Hackers have breached the online network of the PlayStation 3 videogame console, endangering the personal data of millions. Sony has shut down the network in response to what could be the largest such online heist ever.
Millions of users' personal data have been jeopardized
Hackers have compromised the online network of the Sony PlayStation 3 videogame console, jeopardizing the privacy of the network's 75 million users, according to the Sony Corporation.
An unknown person hacked into the PlayStation Network as well as the music service Qriocity, accessing the names, addresses, e-mails and birthdates of network users.
Sony warned that, although it had no indication credit card numbers had been stolen, it could not rule out the possibility.
"Out of an abundance of caution, we are advising you that your credit card number and expiry date may have been obtained," Patrick Seybold, a company spokesperson, wrote on the official PlayStation blog on Tuesday.
According to Alan Paller, research director of the SANS Institute, the breach may be the largest theft of identity data information in history.
Sony has shut down the PlayStation Network after discovering that hackers had entered the system between April 17 and 19. Sony has not said when the network will be online again.

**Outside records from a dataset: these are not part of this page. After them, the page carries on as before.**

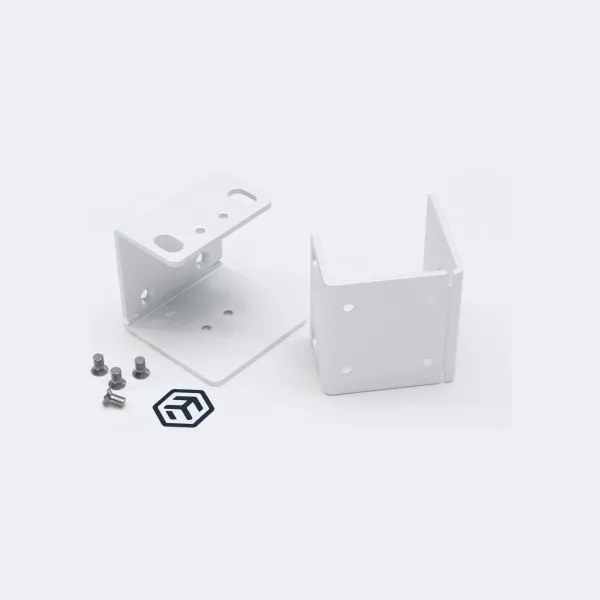 Mikrotik NET ACC RACK MOUNT KIT/RMK-2/10 MIKROTIK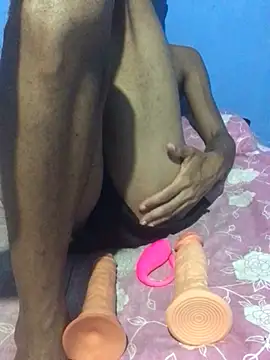 lcsexy45 online show from March 2026 08:21:02 PM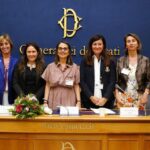 Controlli Gratuiti Annuali Per Caregiver Familiari: L’Appello Della Fondazione Ronald Mcdonald Italia Alle Istituzioni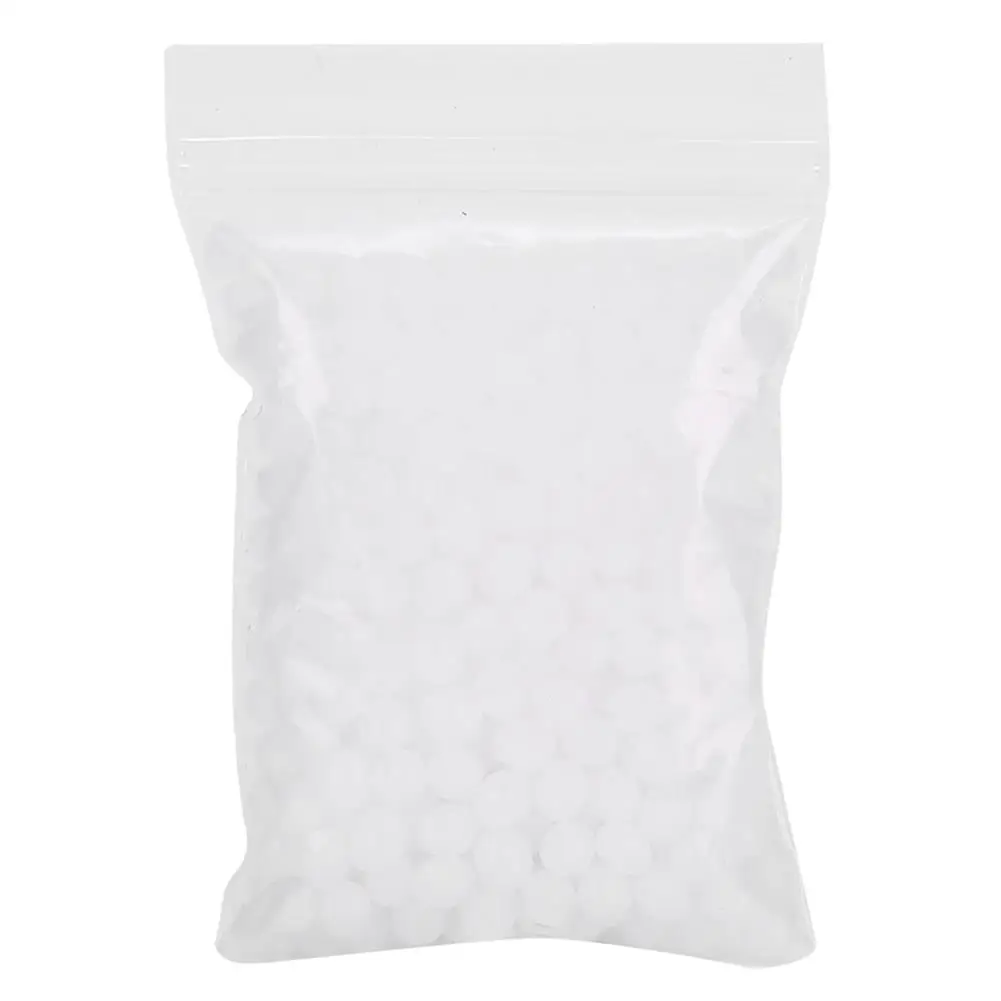 10g/20g/50g/100g Dental Tooth Repair Beads - Fix For missing or Broken Teeth - Fake Teeth Filling & Decorative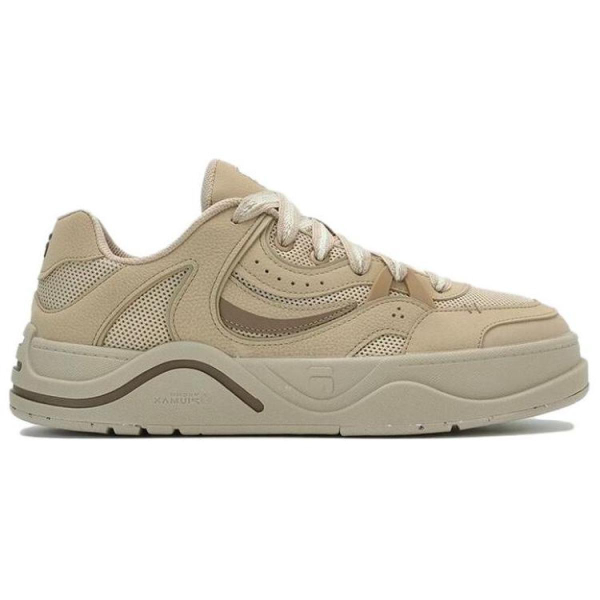 FILA FUSION 50-50 TPU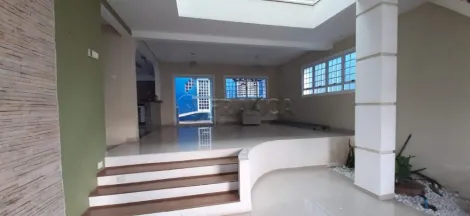 imagem 5 - CASA 3 DORMITÓRIOS SENDO 1 SUÍTE - TERRAS DE SÃO JOÃO - JACAREÍ imagem 5 - CASA 3 DORMITÓRIOS SENDO 1 SUÍTE - TERRAS DE SÃO JOÃO - JACAREÍ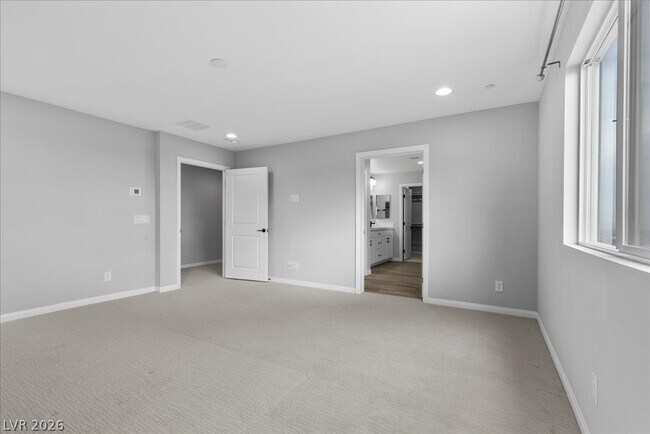 Building Photo - 10423 Stroma Ave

The network was launched in 2006 and offers games, music and movies to people who own the PlayStation 3 videogame console.
Blow to business
Sony says it cannot rule out the possibility that credit card information was stolen
The security breach comes as a blow to Sony, which is set to release a new hand-held gaming device called the Next Generation Portable at the end of the year.

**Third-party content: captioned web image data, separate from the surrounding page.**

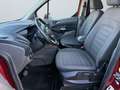 Ford Grand Tourneo Connect Titanium 1.5 TDCi Kamera Rot - thumbnail 7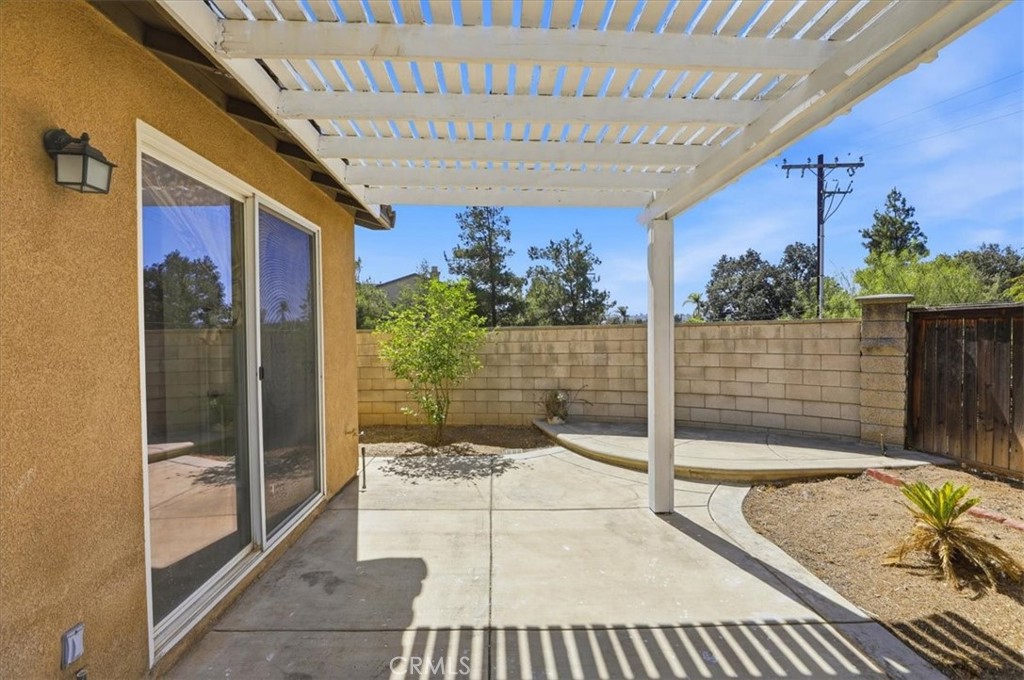 4891 Westmont Property Photo 41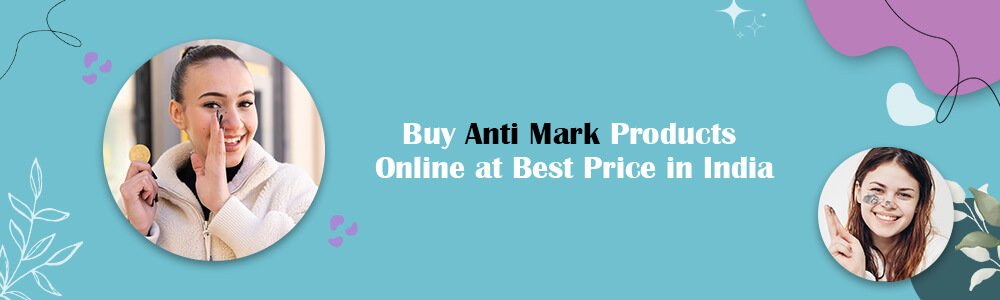 anti mark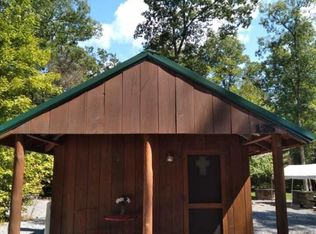 125 Stone Haven Rd, Mifflinburg, PA 17844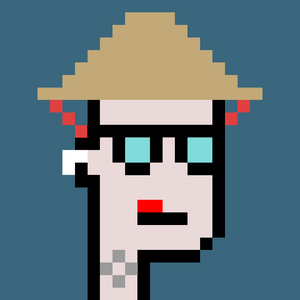 dpunks: 2476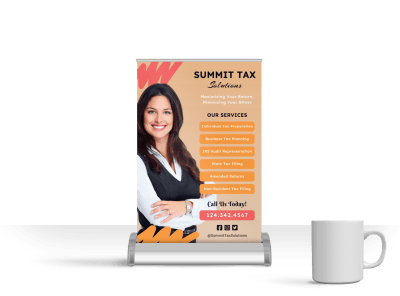 Preparation Tax mirtw4jyv9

"It's a red flag to a lot of people as to how Sony conducts its business," said Sue Cato, the head of the corporate communication advisers Cato Counsel in Sydney.

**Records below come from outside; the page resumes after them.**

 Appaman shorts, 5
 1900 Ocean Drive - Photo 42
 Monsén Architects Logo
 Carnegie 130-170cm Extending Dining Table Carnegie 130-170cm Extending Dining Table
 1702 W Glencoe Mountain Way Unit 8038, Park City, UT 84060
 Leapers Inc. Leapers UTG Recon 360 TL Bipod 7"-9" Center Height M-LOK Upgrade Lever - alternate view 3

"This will have regulators concerned about security, it will have consumer organizations concerned, it will have some gamers concerned."
Sony has not indicated whether or not it has identified who is responsible for the security breach.
However, Michael Pachter, a Wedbush Morgan videogame industry analyst, suspects the hacker was more interested in showing off than in stealing personal data.
"Sony is a target because gamers tend to be more software sophisticated," Pachter told the Agence France Presse. "If you are a real cyber criminal trying to profit, you go where the money is, not to the PlayStation Network where the average user is a teenager."